Attwater's Prairie Chicken
Attwater's Prairie Chicken is making a comeback!
In 2003, there were fewer than 50 birds in the wild. In just 6 years, despite challenges including several major hurricanes, the population has reached 90 birds in three populations. You can help this trend continue.
A milestone is reached! This year, six hens in two different populations raised twenty-one chicks to at least six weeks age. Two of these hens did so with no help from staff or interns at the Attwater's Prairie Chicken National Wildlife Refuge! With your help, these trends can continue.
A what? You're worried about an endangered chicken?
This is often the reaction of people the first time they hear about the most endangered bird in the state of Texas. But the Attwater's Prairie-Chicken is much more than "just a chicken."

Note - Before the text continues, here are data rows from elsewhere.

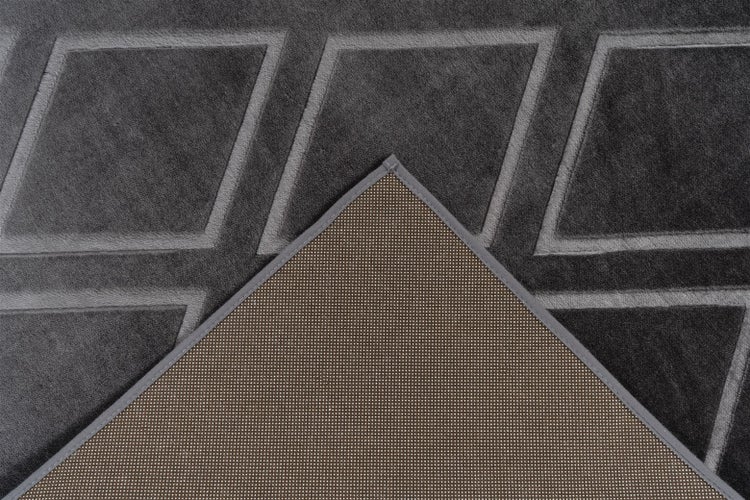 Schwarze Hängeleuchte aus Metalldraht in geometrischer Diamantform mit sichtbarem Leuchtmittel.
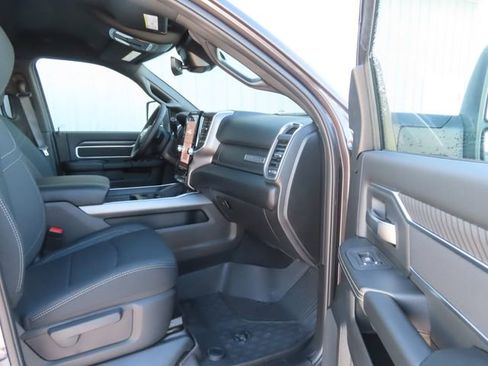 New 2026 RAM 3500 Big Horn AWD/4WD image 24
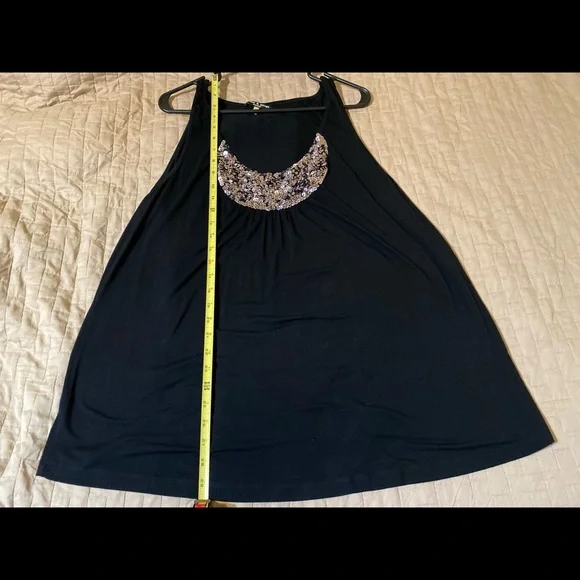 Lane Bryant size 1X, sleeveless, sequined black top. - Picture 3 of 4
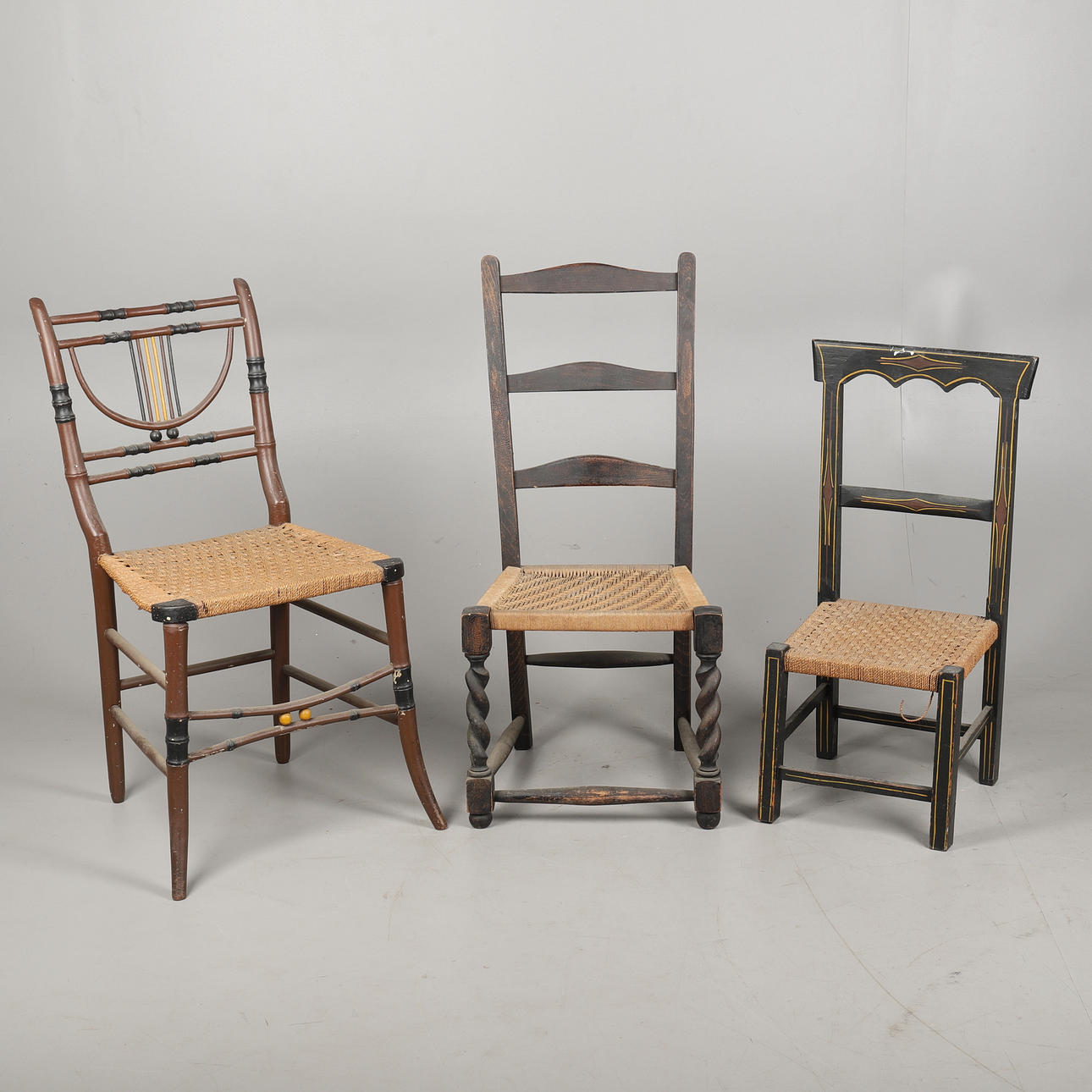 EN REGENCY MÅLAD SIDOSTOL OCH TVÅ LÅGA STOLAR.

The Attwater's Prairie-Chicken is a member of the North American grouse family. Slightly smaller and darker than it's close relative the Greater Prairie-Chicken, this southern subspecies of the now extinct Heath Hen once roamed an extensive range on the coast of Texas and Louisiana. Today, the bird is limited to two small, isolated colonies in two counties along the Texas coast.
What is unique about this bird?
Like most birds, the most colorful time of the year for Attwater's Prairie-Chickens is the spring when the males gather on "leks", large short grass areas on the coastal prairie.
The males at this time inflate their air sacs, raise their tails in the air, droop their wings, and dance around, stomping their feet. This is accompanied by a low, mournful whirring sound called "booming". Intermittent jumps and charges at other males accompany the booming activity which reaches its peak when a female ventures into the lek. This dance is said to have been the source of many of the dances of the native peoples of the American prairie.
So, what does an Attwater's Prairie-Chicken look like?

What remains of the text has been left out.